[Collected data]
***
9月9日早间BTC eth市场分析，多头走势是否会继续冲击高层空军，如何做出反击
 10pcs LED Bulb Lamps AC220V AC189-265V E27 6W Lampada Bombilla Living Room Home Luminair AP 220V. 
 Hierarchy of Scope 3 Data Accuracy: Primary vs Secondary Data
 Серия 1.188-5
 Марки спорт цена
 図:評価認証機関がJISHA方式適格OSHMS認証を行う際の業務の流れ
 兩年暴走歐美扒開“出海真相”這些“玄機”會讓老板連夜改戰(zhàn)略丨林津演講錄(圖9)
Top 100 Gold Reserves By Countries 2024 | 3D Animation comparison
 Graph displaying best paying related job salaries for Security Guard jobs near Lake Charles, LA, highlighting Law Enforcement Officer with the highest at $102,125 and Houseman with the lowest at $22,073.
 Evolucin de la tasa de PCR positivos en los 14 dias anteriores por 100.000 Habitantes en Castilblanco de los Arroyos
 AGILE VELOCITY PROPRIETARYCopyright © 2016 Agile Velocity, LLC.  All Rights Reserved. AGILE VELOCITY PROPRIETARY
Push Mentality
***
*Your objective*: The data above should be duplicated exactly and completely.

*Task result*:
9月9日早间BTC eth市场分析，多头走势是否会继续冲击高层空军，如何做出反击
 10pcs LED Bulb Lamps AC220V AC189-265V E27 6W Lampada Bombilla Living Room Home Luminair AP 220V. 
 Hierarchy of Scope 3 Data Accuracy: Primary vs Secondary Data
 Серия 1.188-5
 Марки спорт цена
 図:評価認証機関がJISHA方式適格OSHMS認証を行う際の業務の流れ
 兩年暴走歐美扒開“出海真相”這些“玄機”會讓老板連夜改戰(zhàn)略丨林津演講錄(圖9)
Top 100 Gold Reserves By Countries 2024 | 3D Animation comparison
 Graph displaying best paying related job salaries for Security Guard jobs near Lake Charles, LA, highlighting Law Enforcement Officer with the highest at $102,125 and Houseman with the lowest at $22,073.
 Evolucin de la tasa de PCR positivos en los 14 dias anteriores por 100.000 Habitantes en Castilblanco de los Arroyos
 AGILE VELOCITY PROPRIETARYCopyright © 2016 Agile Velocity, LLC.  All Rights Reserved. AGILE VELOCITY PROPRIETARY
Push Mentality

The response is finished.